Reputation: 264
I am trying to automate a data downloading process. For this purpose, my goal is to extract (using bash commands) the .zip from a redirection link that could be seen on display here: https://journals.sagepub.com/doi/suppl/10.1177/0022002706289303
I have seen that people suggest the -L
tag with curl
for redirections, but it doesn't seem to work for my case. The specific command I have tried is:
curl -L -o output.zip https://journals.sagepub.com/doi/suppl/10.1177/0022002706289303/suppl_file/Sambanis_Aug_06.zip
The command file output.zip
shows that the extracted .zip file is actually a HTML document text
. On the other hand, clicking the redirection link (used inside curl
command) downloads the extracted folder automatically via a browser.

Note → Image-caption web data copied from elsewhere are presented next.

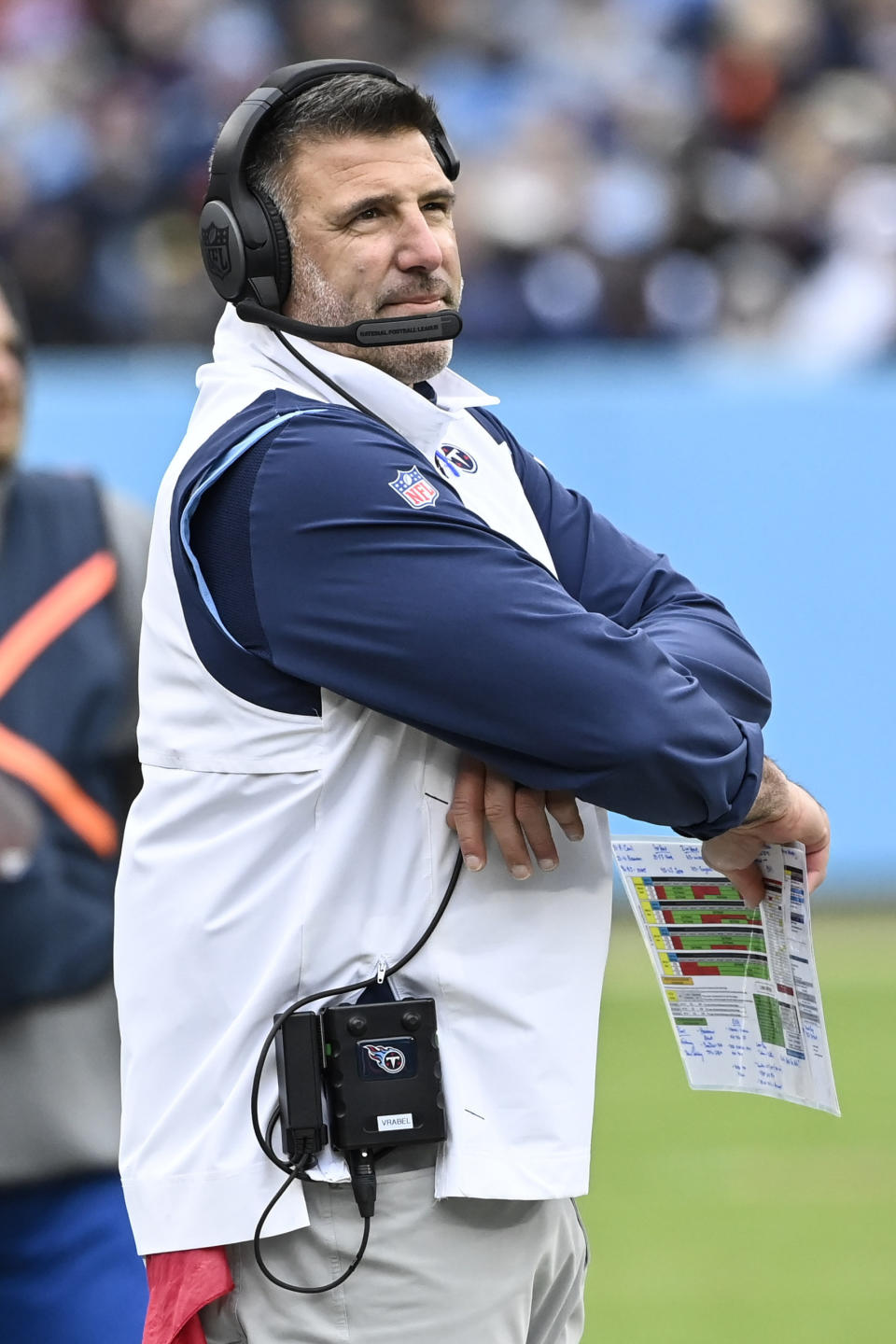 Tennessee Titans head coach Mike Vrabel walks the sidelines during the first half of an NFL football game against the Cincinnati Bengals, Sunday, Nov. 27, 2022, in Nashville, Tenn. (AP Photo/Mark Zaleski)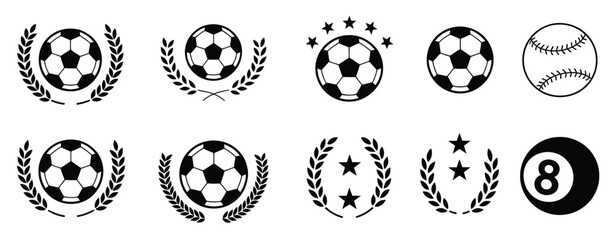 Football soccer shield crest and trophy cup collection with sports championship emblems golden laurel wreaths crown elements ball icons lion mascot banners and winner star badges vector designs © MUNNA
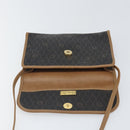 Christian Dior Honeycomb Canvas Shoulder Bag PVC Black Gold Auth ka2128-11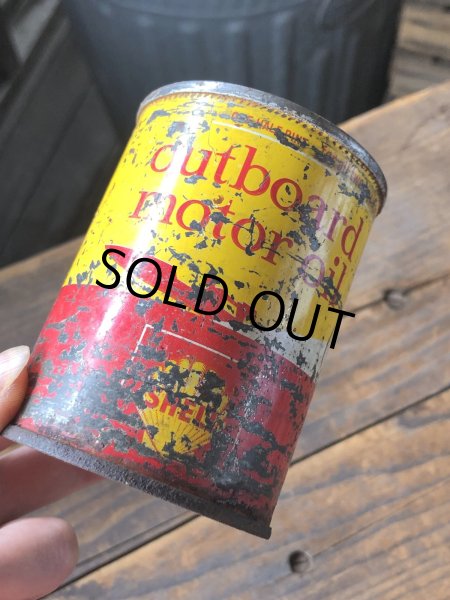 画像1: Vintage SHELL outboard motor oil Can (R647) (1)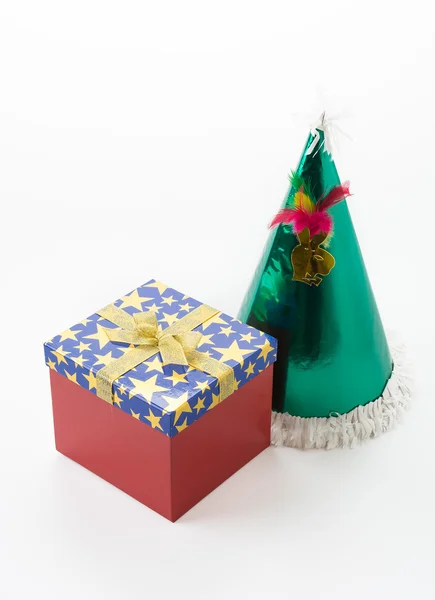 Party hat with gift box — Stock Photo, Image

Any ideas, tips, or suggestions on what I should try (or whether this is possible or not) will be highly appreciated!
Upvotes: 1
Views: 2774
Reputation: 1459
If you execute curl with the --verbose
option you can see that it is a cookie related problem. The cookie engine needs to be enabled. You can download the desired file as follows:
curl -b cookies.txt -L https://journals.sagepub.com/doi/suppl/10.1177/0022002706289303/suppl_file/Sambanis_Aug_06.zip -o test.zip
It doesn't matter if the file provided with the -b option doesn't exist. We just need to activate the cookie engine.
Refer to Send cookies with curl and Save cookies between two curl requests for futher information.
Upvotes: 1
Reputation: 3183
You can download that file with wget
on Linux
$ wget https://journals.sagepub.com/doi/suppl/10.1177/0022002706289303/suppl_file/Sambanis_Aug_06.zip
$ unzip Sambanis_Aug_06.zip
Archive: Sambanis_Aug_06.zip
inflating: Sambanis (Aug 06).dta
inflating: Sambanis Appendix (Aug 06).pdf
Upvotes: 1